Tired of all those D6s? TW uses all kinds of dice from D4 to D12. They are also indicative of the quality of the units. Delta Force commandos roll D12s, green militias just D6s. Since they have to roll the same results for shooting, Reaction Tests and moral tests you can imagine that elite troops are deadly and tough compared to green troops. Rolls are made against a minimum score and opposed to opponents's rolls that can be made for cover, range, troop quality and so on. It seems complicated at first glance but during demo games even the very young players picked it up easily.

This, obviously, does not sound very balanced. Nevertheless TW does not have a point system. The intention is to create and play scenarios with either equal amounts of the same force, or -a lot more interesting and therefore fun! - very unequal amounts of very unequal forces. The rules offer several tutorial scenarios as well as full blown game scenarios that offer both great challenge and inspiration for writing new ones. These tutorials are a nice touch. While reading through the rules you will encounter some that address specific parts of the rules, like fighting with tanks, fortified positions of Battle Armour.

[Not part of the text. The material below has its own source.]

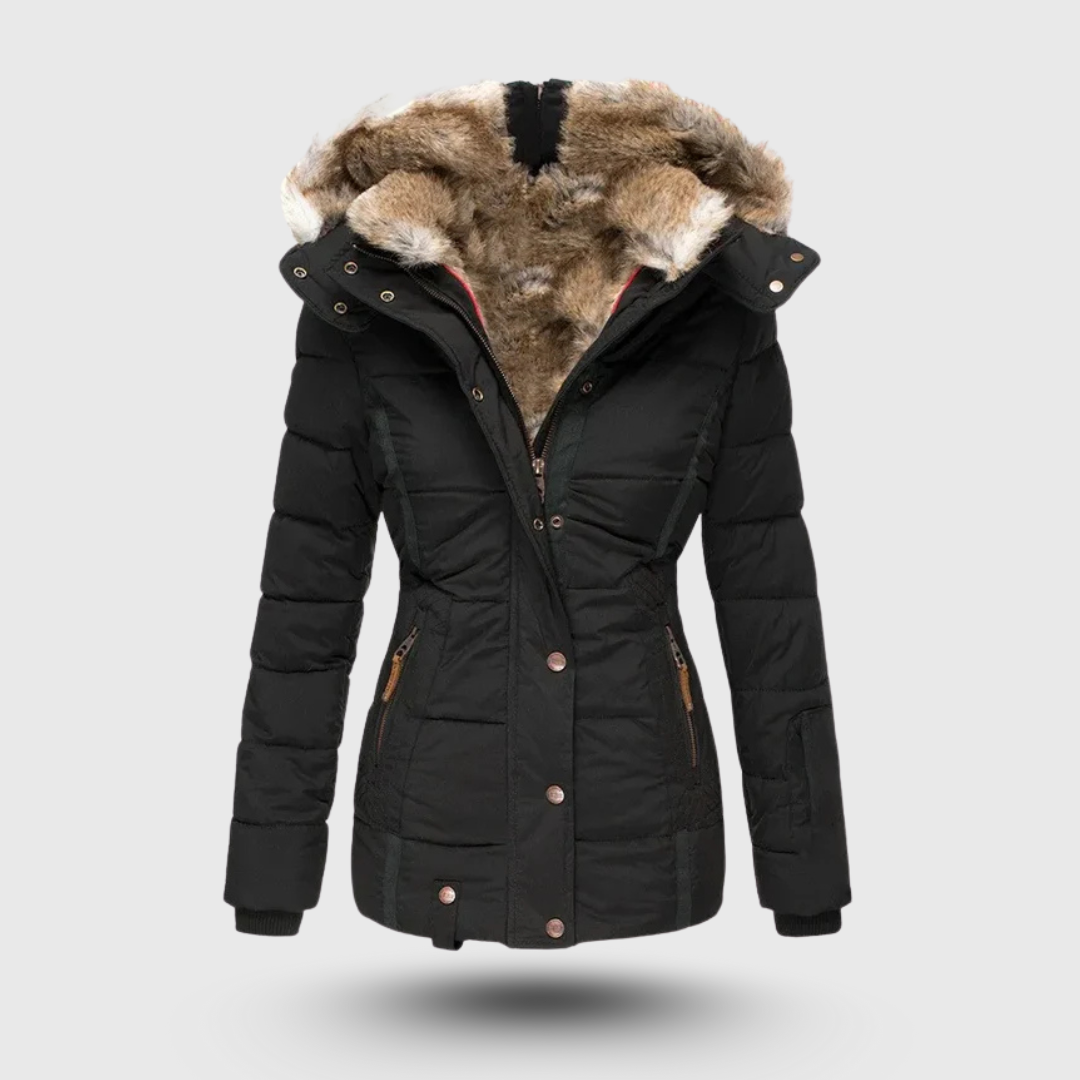 Hanne™ – Winterjacke mit Flauschigem Kragen und Schmaler Passform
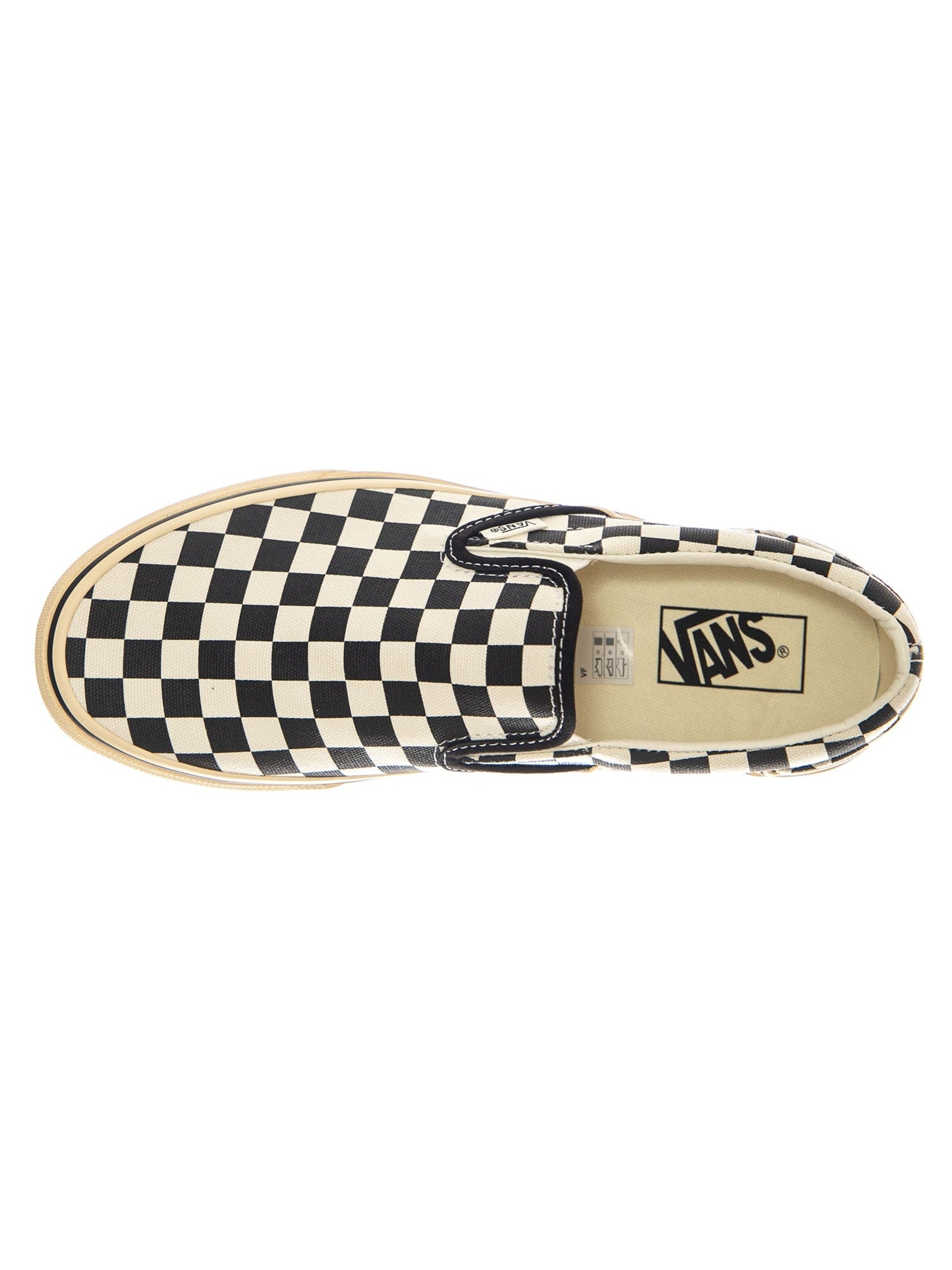 Scarpa slip-on 'CLASSIC SLIP-ON CHBD BLACK / MARSHMALLOW' di VANS in nero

The main game mechanism translates easily from man-to-man combat and firefights to vehicle combat and indeed the set encompasses all these aspects of ground combat, including close air support, off board artillery, drop ships et cetera. A nice touch are the Fog Of War cards that can be used to mess up your battle plan some more by introducing random (dis)advantages to the battle after preparation but before the game starts. Besides the 4 tutorial scenarios the book contains 5 full blown scenarios that can be played as a campaign or separately. There are army lists for several factions described in the game's fluff and a lot of troop types, equipment and OOB's are provided for immediate use or inspiration to create your own. 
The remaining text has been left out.